Daneel: The difference between Java and Dalvik

Those of you who kept following IcedRobot might have seen that quite some work went into Daneel over the past months. He1 is in charge of parsing Android applications containing code intended to run on a Dalvik VM and transforming this code into something which can run on any underlying Java VM. So he is a VM compatible with Dalvik on top of a Java VM, or at least that’s what he wants to become.

So Daneel is multilingual in a strange way, he can read and understand Dalvik bytecode, but he only speaks and writes Java bytecode. To understand how he can do that we have to look at the differences between those two dialects.

Registers vs. Stack: We know Dalvik bytecode uses a register-machine, and Java bytecode uses a stack-machine. But each method frame on that stack-machine not only has an operand stack, it also has an array of local variables. Unfortunately this distinction is lost in our register-machine. To understand what this means, let us look at a full Java-Dalvik-Daneel round-trip for a simple method like the following.
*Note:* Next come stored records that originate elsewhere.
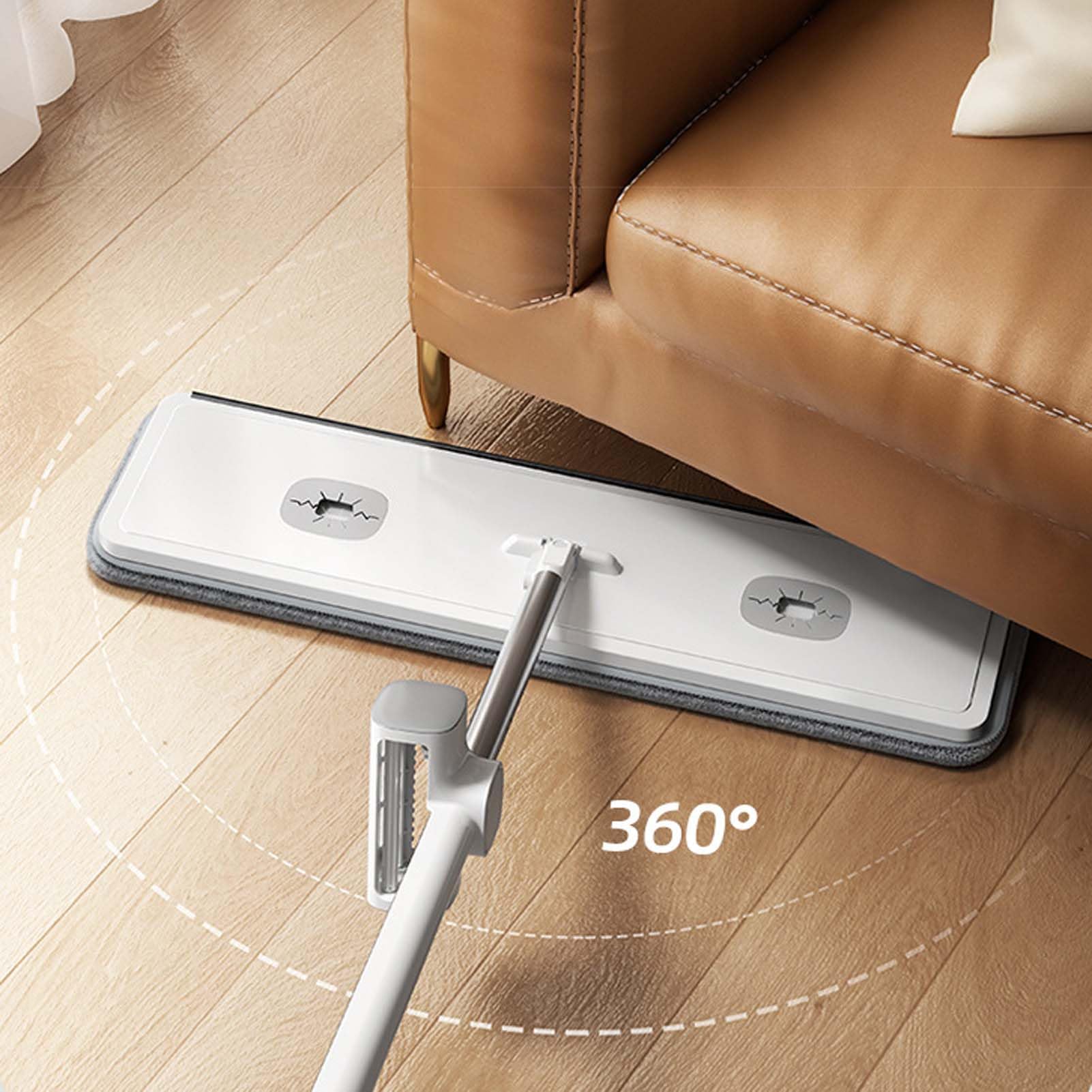 Fregona Suelos con Mopa Microfibra, Limpiador De Suelos para Casa, Paño Lavable Y Reutilizable, Mopa Absorbente con Mango Ajustable para Cocina Baño Salón Y Limpieza Diaria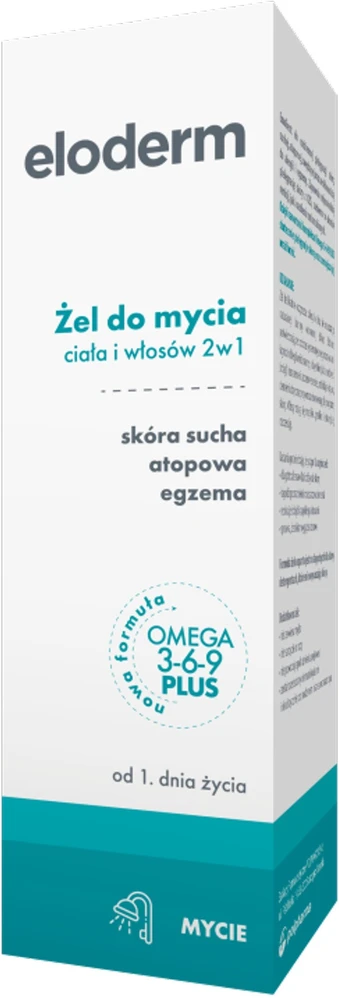 Online Usv Systeme Eloderm 2 viename kūno ir plaukų prausimosi gelis, 200 ml
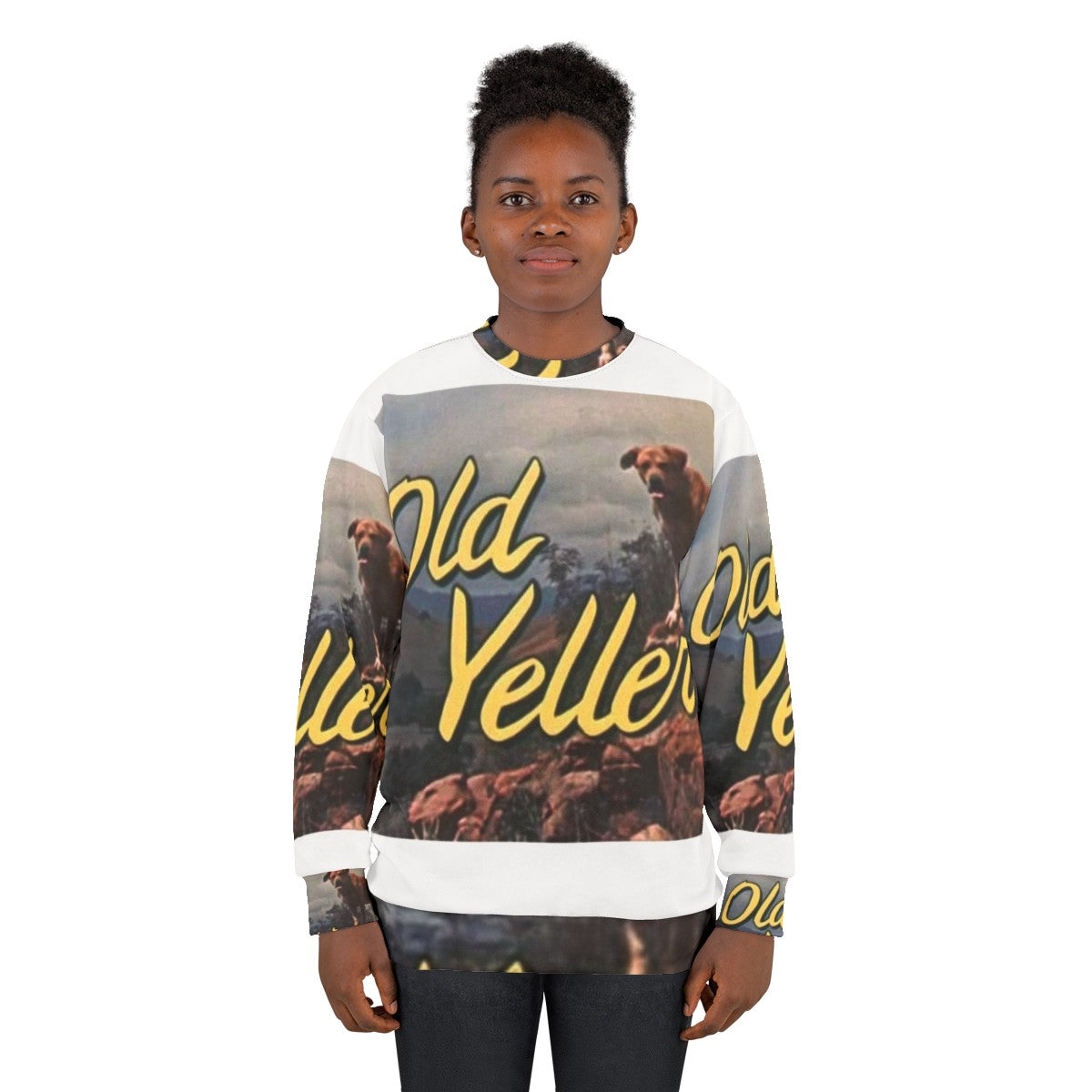 Old Yeller Sweatshirt with Filthy Frank Inspired Design - women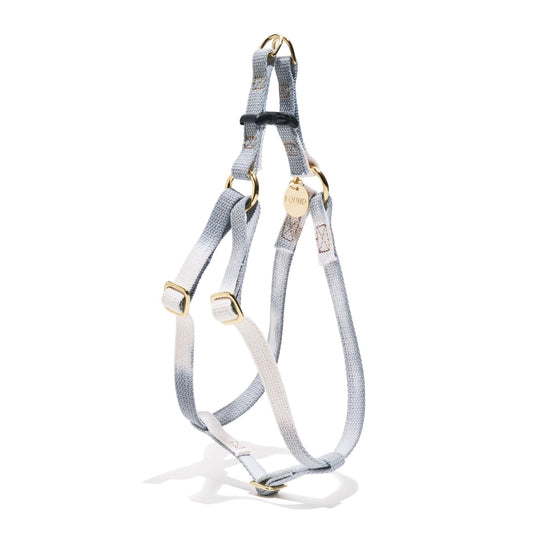 Dog & Cat Harnesses Premium Gray Ombre Cotton Cat & Dog Harness – Adjustable, Durable & Stylish | Found My Animal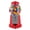 Red, variant on Great Northern Popcorn 11-Inch Coin-Operated Mini Gumball Machine (Red)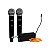 Microfone Sem Fio Prosper P-6192 - Com 2 Microfones - Preto - Imagem 1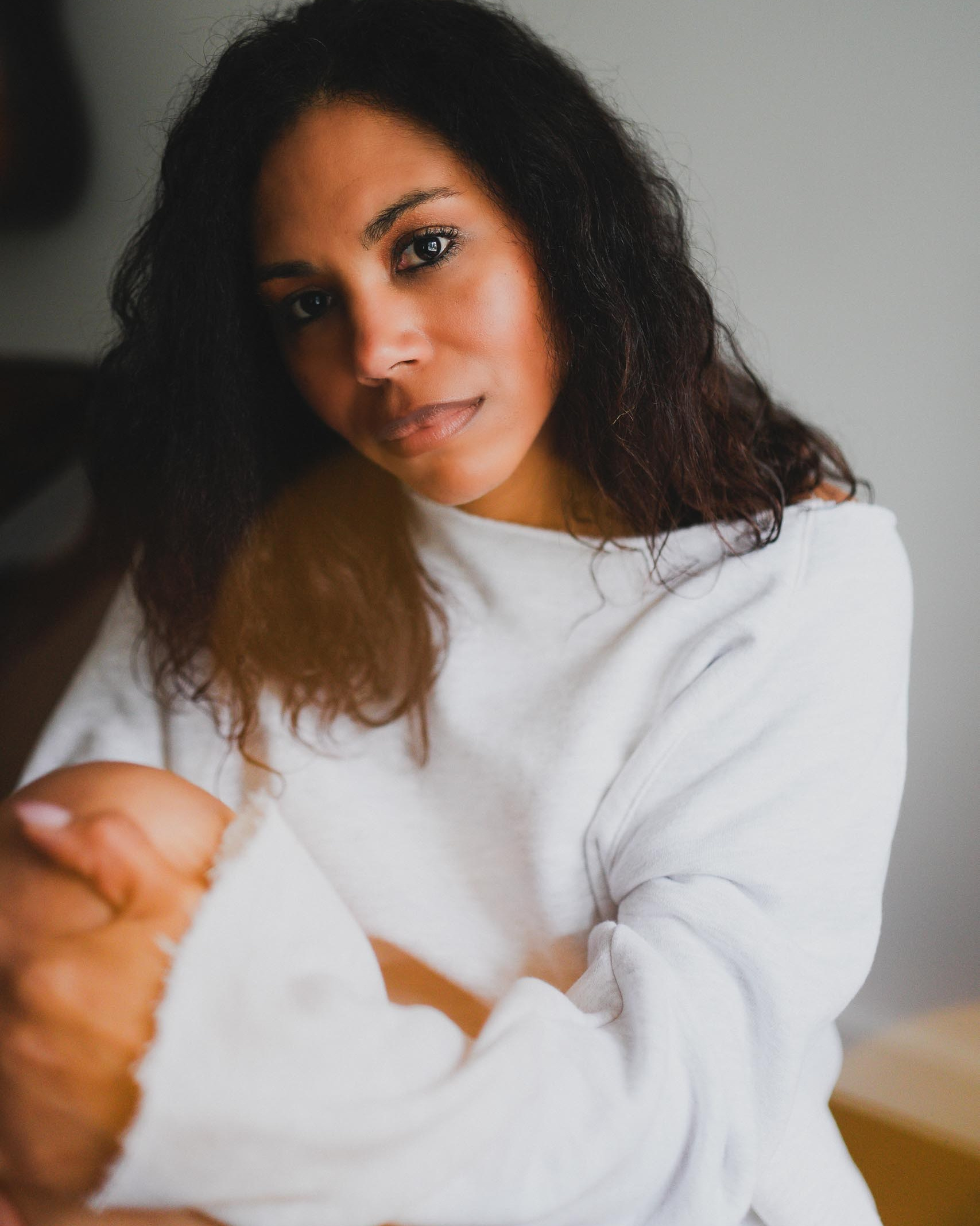 Personal portrait photographer Solihull — intimate natural light portrait by Irina Zoteeva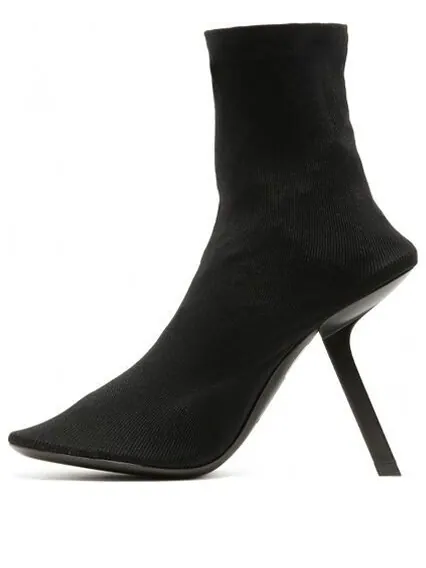 Кроссовки 110mm stretch heeled boots 'black' Balenciaga — изображение 1 из 4, черный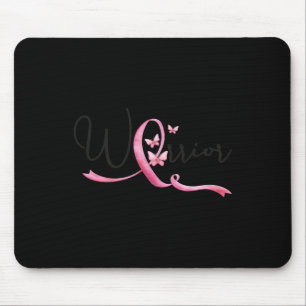 Breast Cancer Month Butterflies Pink Ribbon Women' Mouse Pad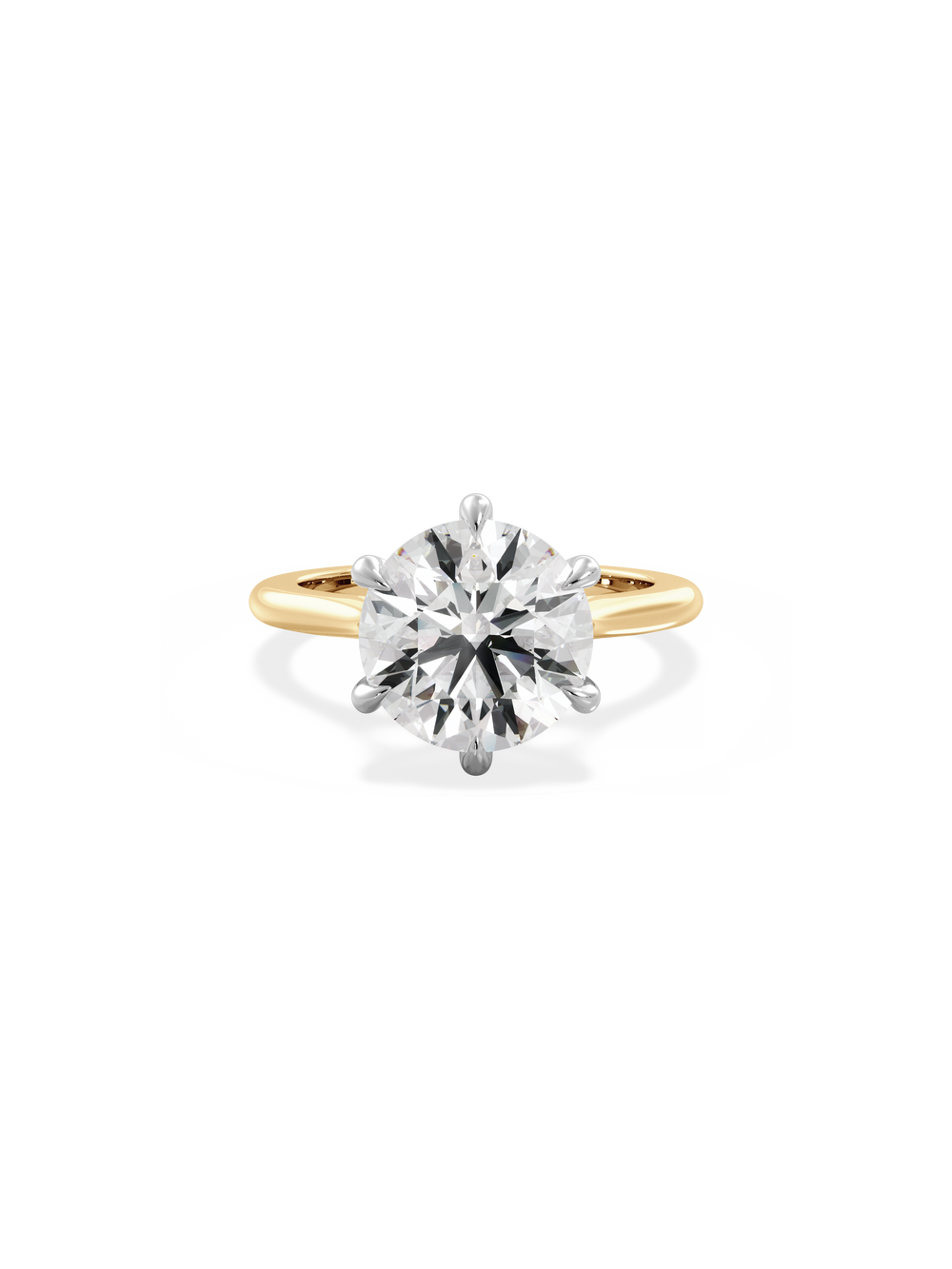 Round Classic Solitaire Ring - View 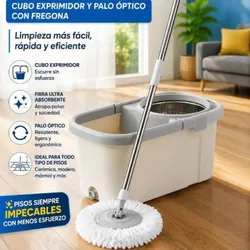 Fregona moderna con cubo exprimidor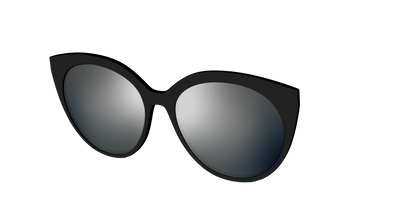 The Polarized Silver Reflective Sun Top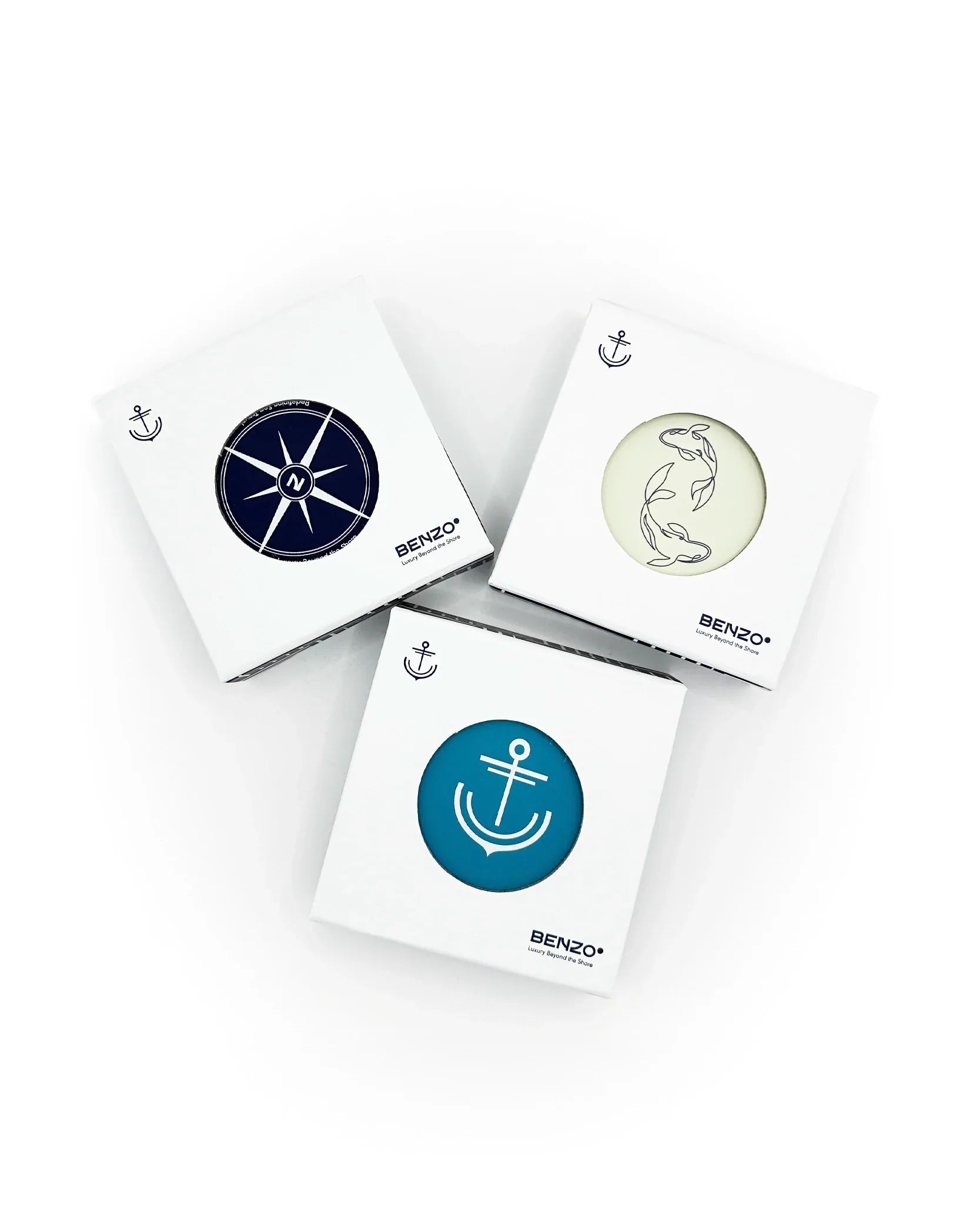 No-Slip Rubber Coasters - Benzo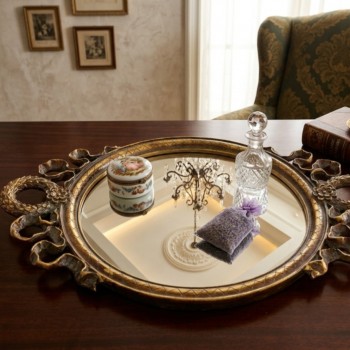  صينيه مريا من الأناقة الفرنسية" العتيقة لمسة من الرقي الملكي في منزلكL8576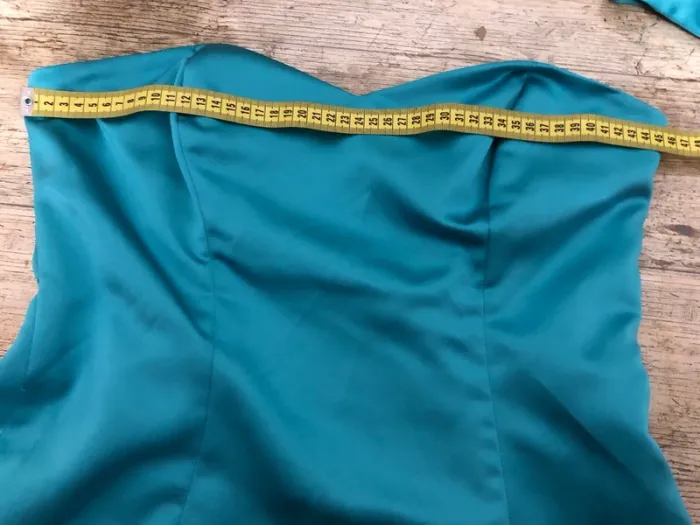 Robe cocktail turquoise - photo numéro 9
public static int addConst(int val) {
   return val + 123456;

The first stop on our round-trip is the Java bytecode. So after we push this snippet through javac we get the following code which makes use of both, an operand stack and local variables.

public static int addConst(int);
  [max_stack=2, max_locals=1, args_size=1]
   0: iload_0
   1: ldc #int 123456
   3: iadd
   4: ireturn

The second stop takes us to the Dalvik bytecode. We push the above code through the dx tool and are left with the following code. Note that the distinction between the operand stack and local variables is lost completely, everything is stored in registers.

public static int addConst(int);
  [regs=2, ins=1, outs=0]
   0: const v0, #0x1E240
   1: add-int/2addr v0, v1
   2: return v0

The third and last step is Daneel reading the Dalvik bytecode and trying to reproduce sane Java bytecode again. The following is what he spits out after chewing on the input for a bit.

public static int addConst(int);
  [max_stack=2, max_locals=2, args_size=1]
   0: ldc #int 123456
   1: istore_1
   2: iload_1
   3: iload_0
   4: iadd
   5: istore_1
   6: iload_1
   7: ireturn

The observant reader will notice the vast difference between what we had at the beginning of our round-trip and what we ended up with. Daneel maps each Dalvik register to a Java local variable. Fortunately any decent Java VM will optimize away the unnecessary load and store instructions and we can achieve acceptable performance with this naive approach already.

Untyped Instructions: Another big difference might not be that obvious at first glance. Notice how the instruction at label 0 in the above Dalvik bytecode (the second stop on our round-trip) accesses register v0 without specifying the exact type of that register? The only thing Daneel can determine at that point in the code is that it’s a 32-bit value we are dealing with, it could be an int or a float value. For zero-constants it could even be a null reference we are dealing with. The exact type of that register is not revealed before the instruction at label 1, where v0 is read again by a typed instruction. It’s at that point that we learn the exact type of that register.

So Daneel has to keep track of all register types while iterating through the instruction stream to determine the exact types and decide which Java bytecode instructions to emit. I intend to write a separate article about how this is done by Daneel in the following days, so stay tuned.

Disclaimer: This is a technical description of just two major differences between Dalvik bytecode and Java bytecode. All political discussions about differences or similarities between Dalvik and Java in general are outside the scope of this article and I won’t comment on them.

1 Yes, Daneel is male. His girlfriend is called Ika. Together they love to drink iced tea because they try to get off caffeine. They even have a butler working for them who is called Jenkins, a very lazy guy who regularly was seen to crash during work.